Political Committee Status – Testimony of Wade Henderson

Media 07.14.04

Location: Senate Committee on Rules and Administration

I am Wade Henderson, executive director of the Leadership Conference on Civil Rights. LCCR is the nation’s oldest, largest, and most diverse civil and human rights coalition with more than 180 organizations representing persons of color, women, children, workers, individuals with disabilities, older Americans, major religious groups, gays and lesbians, and civil liberties and human rights groups. LCCR is one of the co-founders of the Coalition to Save Non-Profit Advocacy.

I am here today because of the profound concern in the civil rights community about the nature and timing of the commission’s “notice of proposed rulemaking” regarding political committee status of non-profit organizations. We worry that in a rush to resolve what is a perceived problem, the commission will fundamentally weaken our democracy.

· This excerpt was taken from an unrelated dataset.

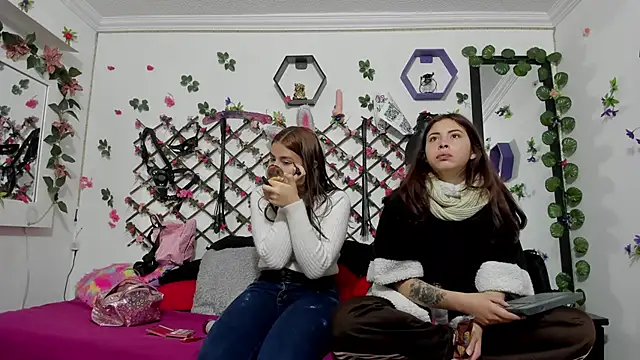 Snapshot of playful-girls chatting on 02/05/26, 12:34 playful-girls online show from 02/05/26, 12:34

The groups we represent include 501(c)(3) and 501(c)(4) not-for-profit organizations, some of which have connected 527 organizations. Some of our member organizations supported passage of the “Bipartisan Campaign Reform Act”; others did not. Nonetheless, we all engage in a broad range of currently protected activities, which would now run afoul of the commission’s proposed rule. We strongly believe that the proposed rule threatens First Amendment rights of free speech and association for all of us. The need for these protections cannot be overstated. Without the constitutional guarantees of the First Amendment, there would not have been a civil rights movement. Is it really the intent of the FEC to strike broadly at the values that we all hold dear?

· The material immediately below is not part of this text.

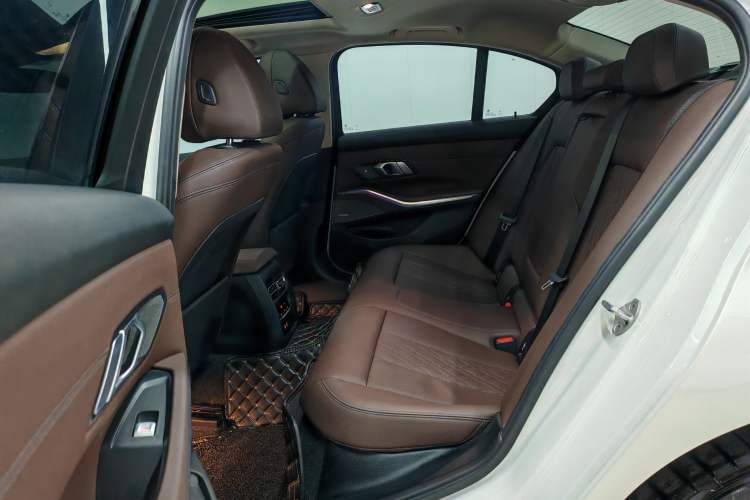 Used BMW 3 Series 2022 325i M Sport Night Edition Package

In the words of Justice Louis Brandeis: “Experience should teach us to be most on our guard to protect liberty when the government’s purposes are beneficent…the greatest dangers to liberty lurk in insidious encroachment by men of zeal, well-meaning but without understanding.”

LCCR and the organizations that we represent work in a bipartisan manner to make the dream of equal protection of the law a reality for all Americans. We work closely with members of Congress and administration appointees. To accomplish our goals, we must advocate to, persuade, and sometimes criticize elected officials. Several of our member organizations encourage citizens to register to vote and to participate in elections, particularly African Americans, Latinos, Asian Americans, persons with disabilities, newly enfranchised citizens, and the nation’s voter-eligible youth. And, we educate voters on a full range of civil rights and civil liberties issues. We do this not because we have a parochial concern for particular candidates but rather because we care about the issues that office holders have the power to impact.

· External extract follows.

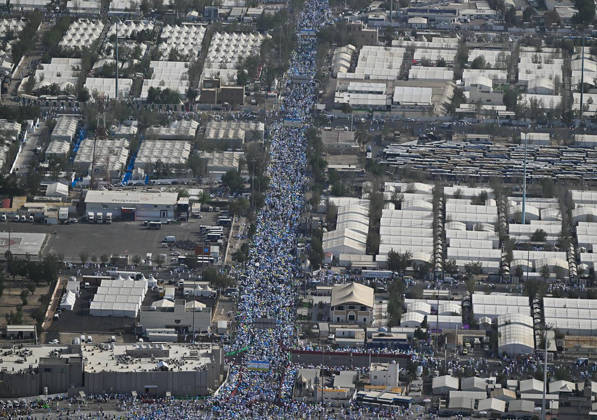 Muslim pilgrims gather at Mount Arafat during Hajj Muslim pilgrims gather at Mount of Mercy on the plain of Arafat during the annual hajj pilgrimage, outside the holy city of Mecca, Saudi Arabia, May 26, 2026. Photo by SPA Saudi Pess Agency APA Images Mecca Mecca Saudi Arabia 260526_Saudi_Arabia_SPA_6_00(13) Copyright: xSPAxSaudixPessxAgencyxSaudixPressxAgencyx xapaimagesx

As we understand it, the following examples would not be allowed under the commission’s proposed rule:

Communications on issues

In order to educate Americans about the importance of the federal courts and the threats posed by some of President Bush’s extremist judicial nominees, LCCR has used print and multi-media ads. One such video ad criticized President Bush’s nomination of right-wing ideologue Charles Pickering, and was distributed via the web to activists across the country.

LCCR Voting Record

At the end of each session of Congress, LCCR produces a non-partisan voting record that tracks how all 535 members of the House and Senate have voted on LCCR priority issues. The Voting Record is distributed widely to our 180 member organizations, the media, members of Congress, the grassroots, and other interested parties. The LCCR Voting Record is an important tool to educate all citizens on the full range of civil rights issues that have been considered by their members of Congress in the preceding session.

And yet, under the redefinitions of expenditure in the FEC’s proposed rule, these activities would be prohibited altogether or transform our organizations into “political committees” bound by the donation regulations of federal election laws. Such a transformation could be crippling not only to our organizations, but also to our democracy.

It is as true today that “Disfranchisement is the deliberate theft and robbery of the only protection of poor against rich; and black against white,” as when noted by W.E.B. Du Bois decades ago.

These proposed rules would seriously undermine the constitutional guarantees on which LCCR organizations depend to carry out their missions; and we sincerely hope you reconsider the rulemaking endeavor in which you are engaged.

Thank you for the opportunity to testify today.